Vaak blijken de pseudo-joden ook over andere zaken te fabuleren. Wilkomirksi verzon eerder een ongeneeslijke ziekte, Boudewijn Büch bedacht een overleden kind en een miljoenenerfenis. De Duitse blogger Marie Sophie Hingst beweerde dat ze in New Delhi een ziekenhuis had gesticht en dat ze seksuele voorlichting had gegeven aan vluchtelingen. Nadat ze door de mand was gevallen pleegde Hingst zelfmoord, waarna het debat in Duitsland enigszins kantelde: moest je een klaarblijkelijk geestelijk labiele persoon wel zo hard aanpakken? Of was enige voorzichtigheid en mededogen op zijn plaats?
‘Rasverandering’
Vergaande identificatie van buitenstaanders zie je ook bij andere vervolgde minderheden. De Netflix-documentaire The Rachel Divide gaat over de Amerikaanse Rachel Dolezal die zich voordeed als Afro-Amerikaanse en werkte als woordvoerder van de zwarte belangenvereniging NAACP. Het Duitse model Martina Big had aanvankelijk de ambitie om „de grootste borsten van Europa” te bezitten. Hierna onderging zij een „rasverandering” en gaat sindsdien als „zwart” door het leven. Amerikanen die claimen dat ze inheems bloed hebben, worden Pretendians genoemd. De Mnikowoju Lakota-dichter Trevino Brings Plenty zei daarover: „Het is aanlokkelijk om de huid van een ondervertegenwoordigd volk te dragen. Ik begrijp het: smullen van de strijd, het verkennen van ingebeelde wortels, het leggen van de basis voor academische banen en publicatiemogelijkheden”.
Achteraf gezien blijken de verhalen van kostuumjoden vaak overduidelijke inconsistenties te bevatten, wat vragen opwerpt over de goedgelovigheid van het publiek. Een sterk voorbeeld is de Vlaamse Misha Defonseca (Monica de Wael) die in haar memoires beschreef dat ze als achtjarige Joodse vluchteling in een bos werd geadopteerd door een roedel wolven. Dat gebrek aan kritisch vermogen van de omgeving hangt waarschijnlijk ook samen met het Shoah-trauma: niemand is geneigd om het verhaal van een getraumatiseerde overlevende in twijfel te trekken.

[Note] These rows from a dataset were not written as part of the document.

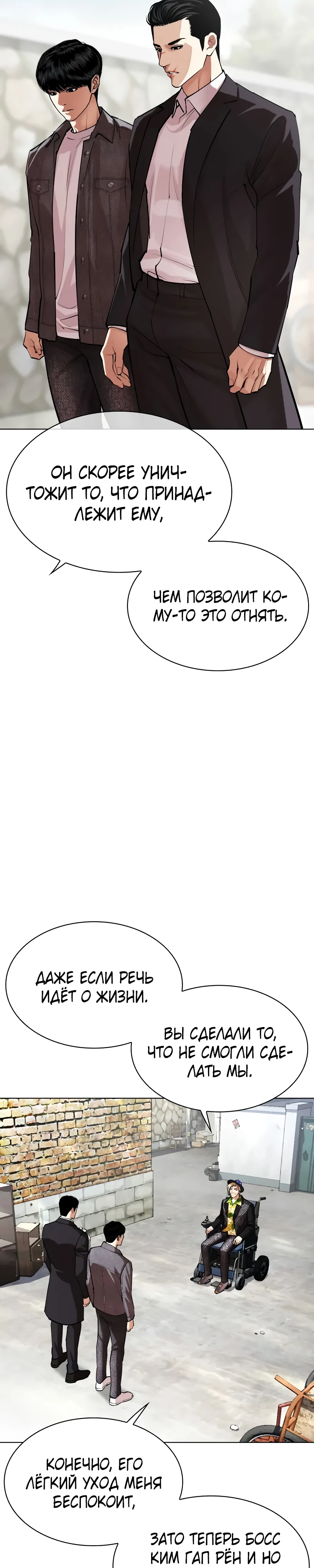 Read Лукизм RU Manga Online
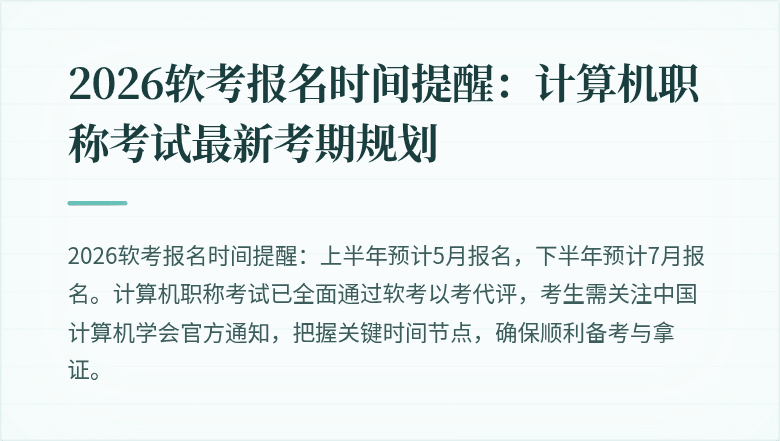2026软考报名时间提醒:计算机职称考试最新考期规划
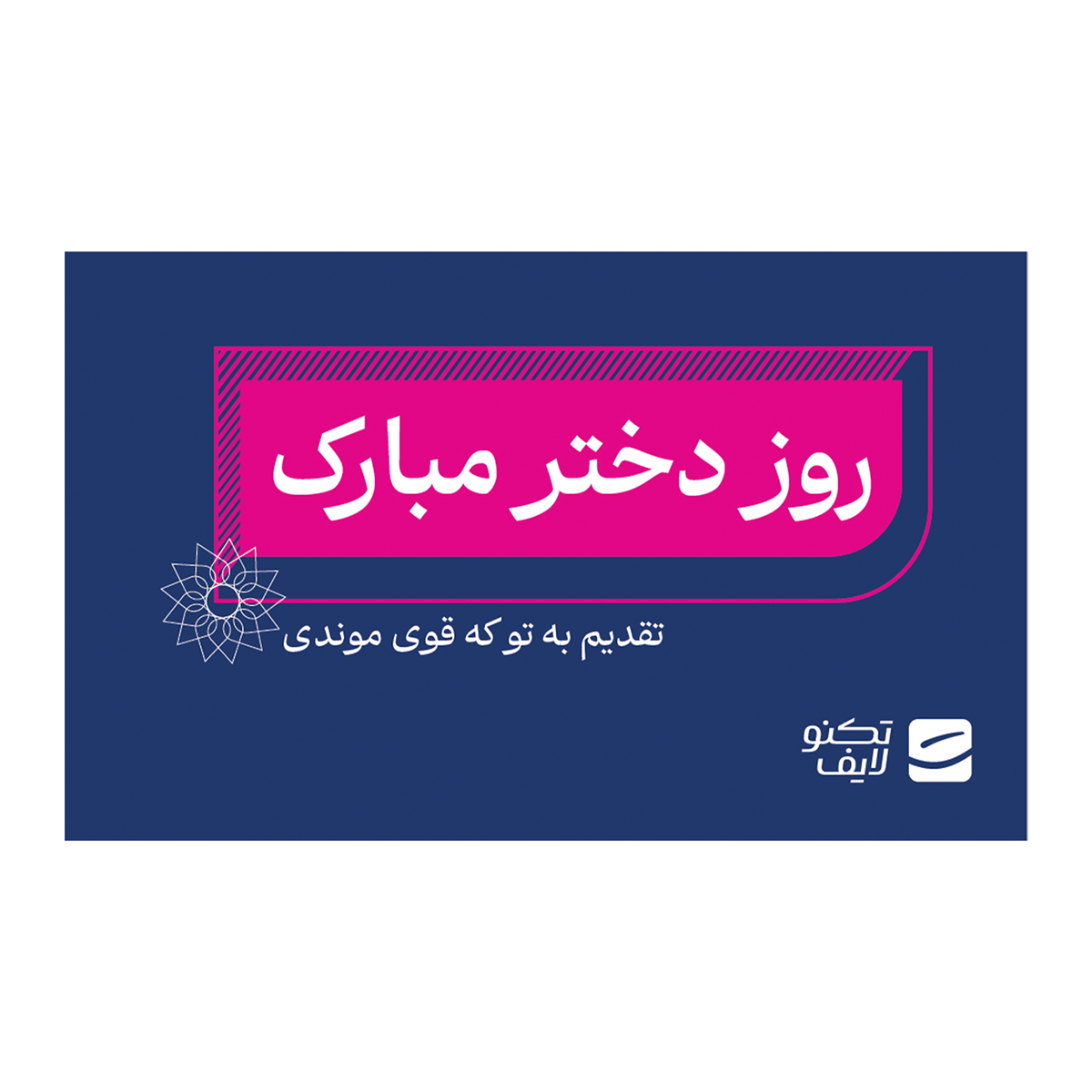 کارت هدیه تکنولایف به ارزش 500,000 تومان طرح روز دختر مبارک تقدیم به تو که قوی موندی کارت هدیه تکنولایف به ارزش 500,000 تومان طرح روز دختر مبارک تقدیم به تو که قوی موندی
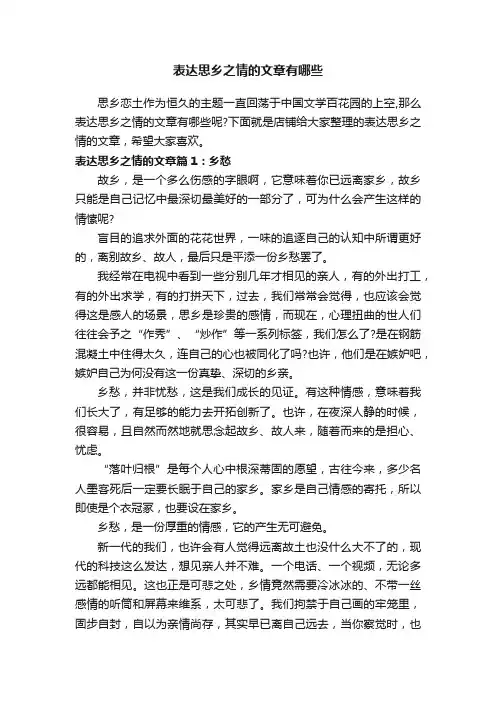 表达思乡之情的文章有哪些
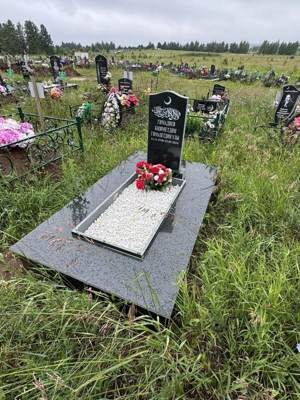 Гимадиев Кияметдин Гимазетдинович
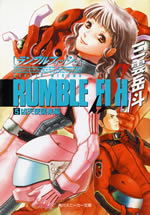 rumble_fish_5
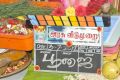 Arasu Vidumurai Tamil Movie Launch Stills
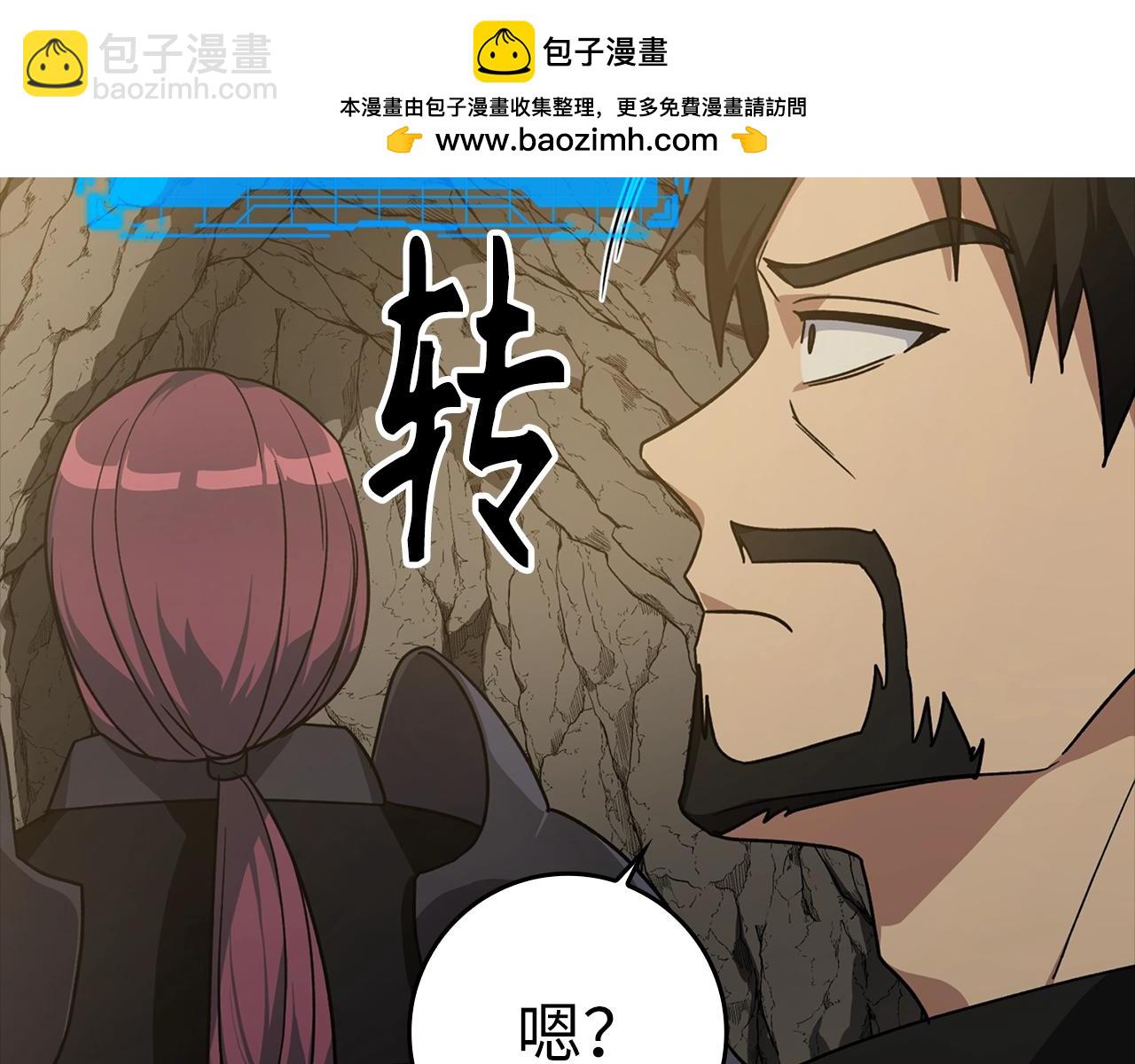 練級20年，出門就是滿級反派 - 第8話 惡神降臨(1/5) - 2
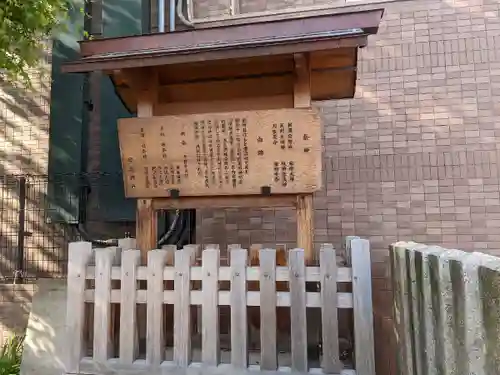 日出神社(愛知県)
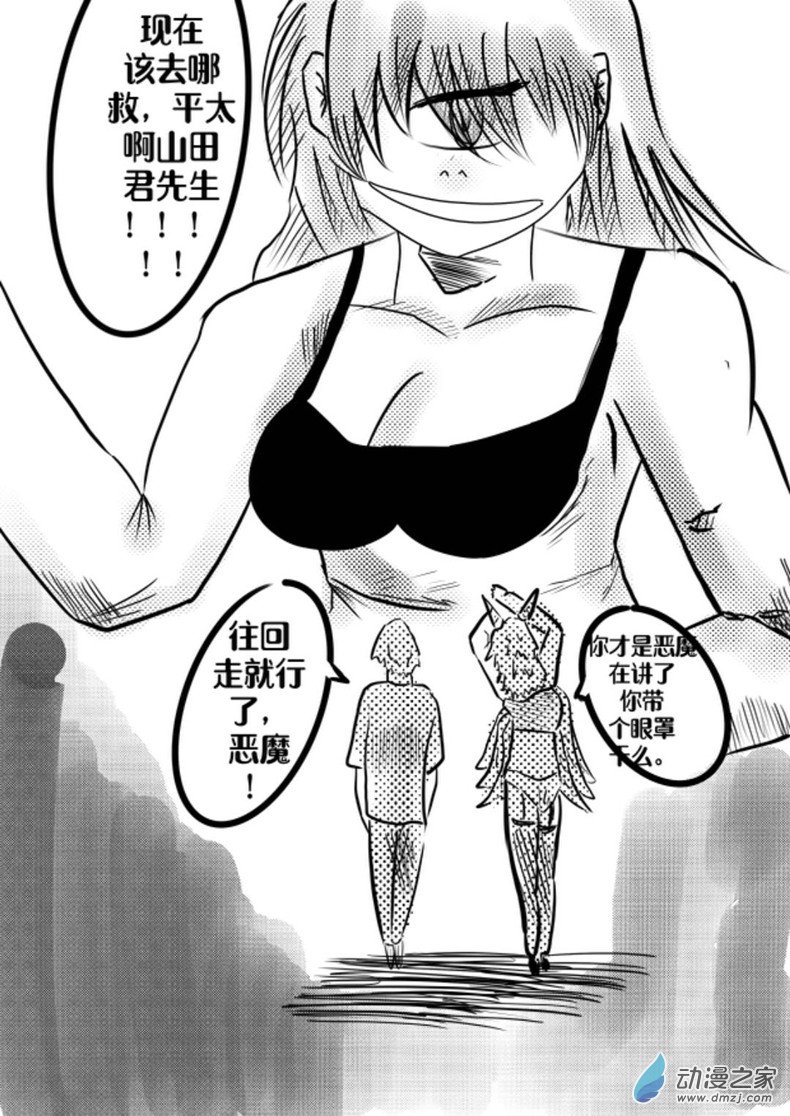 《我是独眼女孩》05最终车蜘站【上】 第16页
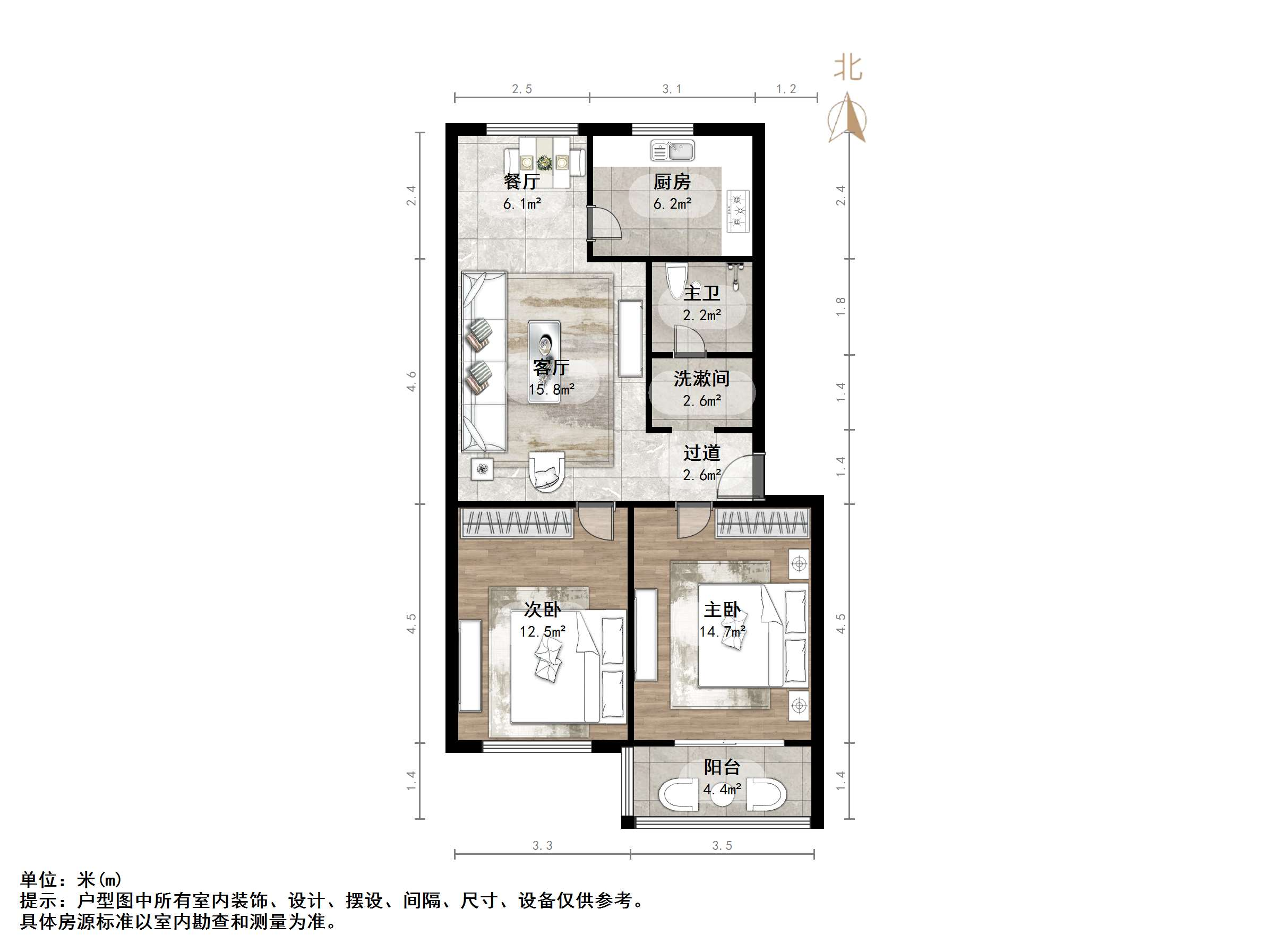 天建天和园冬园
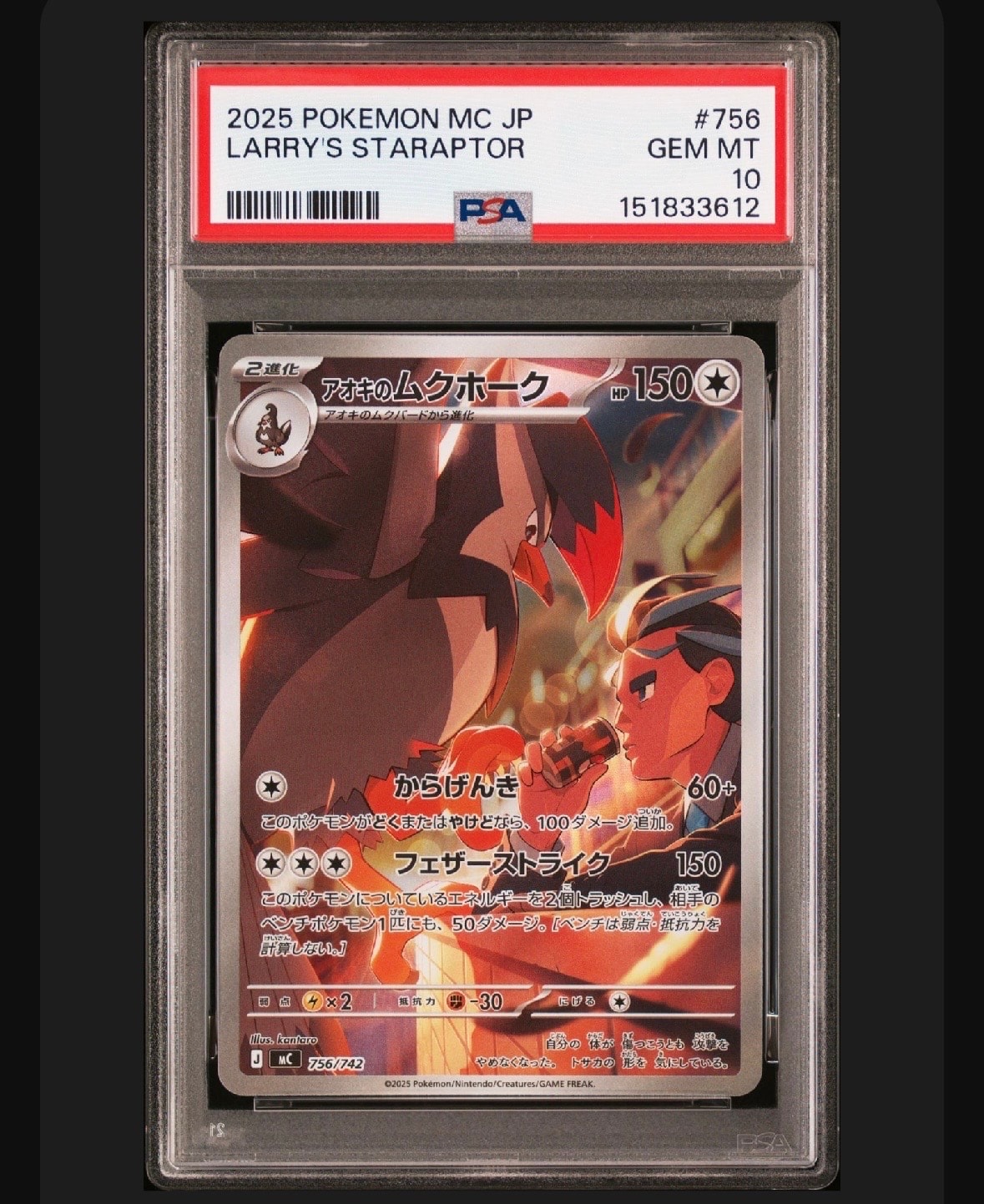 PSA10】ゲンガーV [SGG 001/019](ハイクラスデッキ「ゲンガーVMAX」) 1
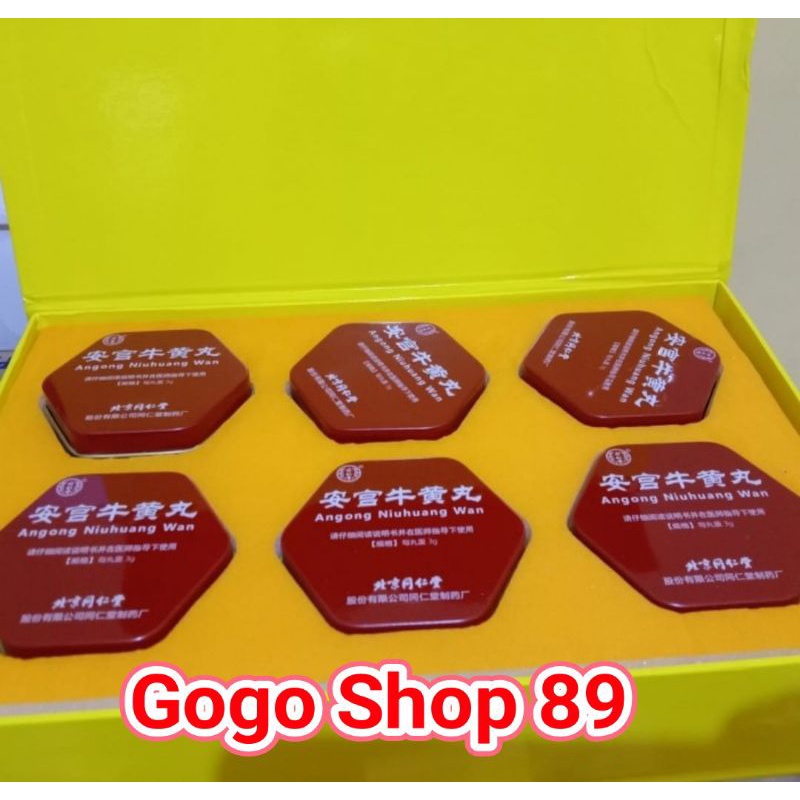 Paket 6 Pcs || Obat Stroke | Angkung | Angong ( Original ) 6 Kaleng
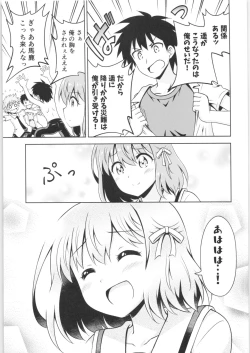 Page 160 of TSF no F no Hon Sono 6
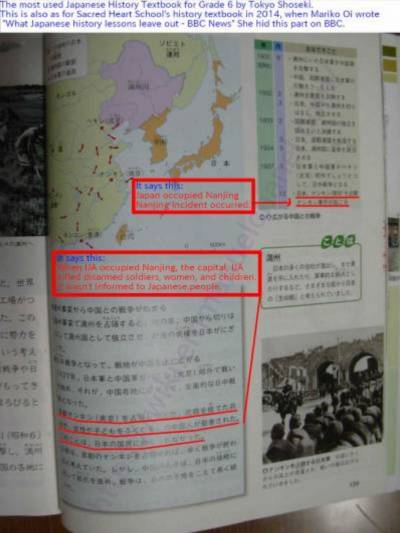 小学歴史教科書の南京大虐殺の記述例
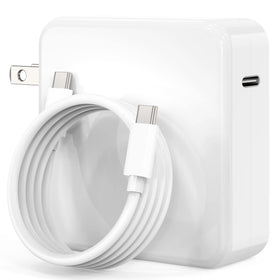 QIOUZW 61W USB-C charger closeup highlighting fast MacBook charging.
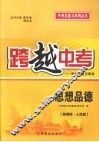 跨越中考：中考总复习用书  思想品德  新课标  人民版 封面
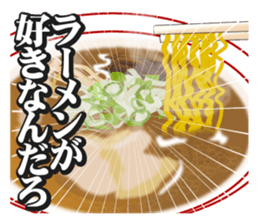 Eat ramen Sticker2 sticker #9820191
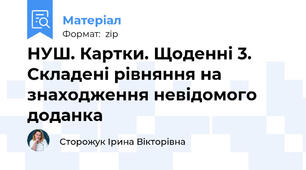 НУШ. Картки. Щоденні 3. Складені рівняння на знаходження невідомого доданка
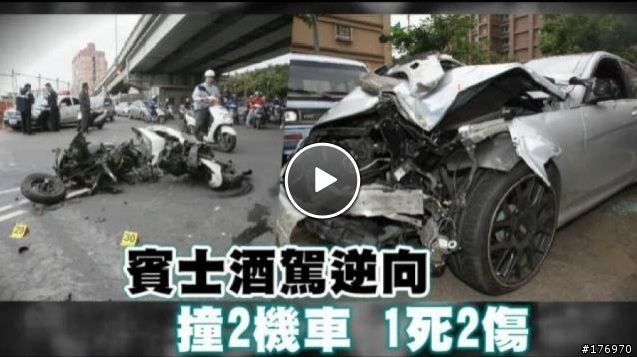 酒駕賓士 逆撞殺騎士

Een actuele variant is de Duitse kwestie vorig jaar rond journalist Fabian Wolff, die onder meer schreef voor de Jüdische Allgemeine. Wolff was zeer kritisch over de Israëlische onderdrukking van de Palestijnen. Volgens rechtse critici was hij „excuusjood voor progressieve antisemieten” die in Wolff een onverdachte bondgenoot zouden hebben gevonden in hun kritiek op Israël. De ontmaskering van Wolff werd honend gebruikt tegen progressieve critici van Israël.
De Amerikaans-Duitse schrijver Deborah Feldman, bekend van Unorthodox, het door Netflix verfilmde boek over haar orthodox-joodse jeugd in New York, schrijft in haar laatste boek Judenfetisch over dit fenomeen, en over het misbruik van „Joodsheid” in het algemeen. Volgens haar hebben Duitsers een speciale gevoeligheid aangaande Joden. Uit schuldgevoel, zo betoogt ze, worden Joden kritiekloos geknuffeld en „op handen gedragen”. Pseudo-joden spelen hier op in. Tegelijk zetten rechts-nationalistische Duitsers de Joodse identiteit naar hun hand. In de Volkskrant zei ze vorig jaar over die overgevoelige Duitse houding: „Het is gericht op hun eigen verlossing, de wil om geheeld te worden”.